La institución autoritaria demanda que la defiendan quienes ejercen la administración del poder para que a nadie se le ocurra cuestionar su existencia. Es decir, para que nadie pregunte ni se pregunte si el problema es la conducta inadecuada de un individuo o si el problema reside en la estructura misma de la institución autoritaria. De ahí que, en el caso de la ESP las autoridades salieron a defender la institucionalidad, tratando de minimizar las complicidades de toda la estructura en la permisividad de los hechos y el pacto de silencio sobre los mismos, atribuyéndolos a errores humanos. Esos voceros clamaron por preservar la institucionalidad. Nadie, desde el gobierno, se atreve a cuestionar la estructura misma de la institución autoritaria que es la que posibilita el abuso de poder, la pérdida del alma tras la docilidad de la obediencia y el pacto de silencio frente a un crimen. Sucede en todas las instituciones autoritarias: por ejemplo, la jerarquía católica que ha encubierto por décadas a los curas pedófilos para salvaguardar el prestigio de la Iglesia; o los dirigentes políticos que solapan los actos de corrupción y defienden a sus coidearios en función de preservar el poder del partido.
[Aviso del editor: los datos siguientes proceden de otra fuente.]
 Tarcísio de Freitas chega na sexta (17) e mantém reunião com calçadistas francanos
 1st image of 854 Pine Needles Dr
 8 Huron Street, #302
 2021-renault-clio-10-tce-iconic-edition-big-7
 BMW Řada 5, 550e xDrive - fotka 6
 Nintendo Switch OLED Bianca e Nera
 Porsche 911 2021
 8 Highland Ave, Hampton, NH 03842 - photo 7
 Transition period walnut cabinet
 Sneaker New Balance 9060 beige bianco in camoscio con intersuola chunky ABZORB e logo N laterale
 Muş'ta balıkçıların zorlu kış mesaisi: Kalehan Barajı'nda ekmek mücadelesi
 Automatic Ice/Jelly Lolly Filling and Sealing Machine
En La ciudad y los perros (1962), de Mario Vargas Llosa, el cadete Ricardo Arana, apodado el Esclavo, es asesinado de un disparo en la cabeza durante una práctica en el Colegio Militar Leoncio Prado, de Lima. La investigación se cierra proclamando que lo sucedido fue un lamentable accidente a causa de una bala perdida. No obstante, al final de la novela, el cadete apodado el Jaguar le confiesa al teniente Gamboa que él fue quien mató al Esclavo. «El caso Arana está liquidado —dijo Gamboa—. El Ejército no quiere saber una palabra más del asunto. Nada puede hacerlo cambiar de opinión. Más fácil sería resucitar al cadete Arana que convencer al Ejército de que ha cometido un error»[1]. Hasta este momento, la abogada María Belén Bernal continúa desparecida y el teniente Germán Cáceres sigue prófugo. De ella solo han quedado su cartera y una sandalia que aparecieron en la ESP. La miseria intrínseca de la institución autoritaria radica en su incapacidad autocrítica.
[1] Mario Vargas Llosa, La ciudad y los perros, Edición conmemorativa del cincuentenario, (Italia: Real Academia Española / Alfaguara, 2012), 445-446.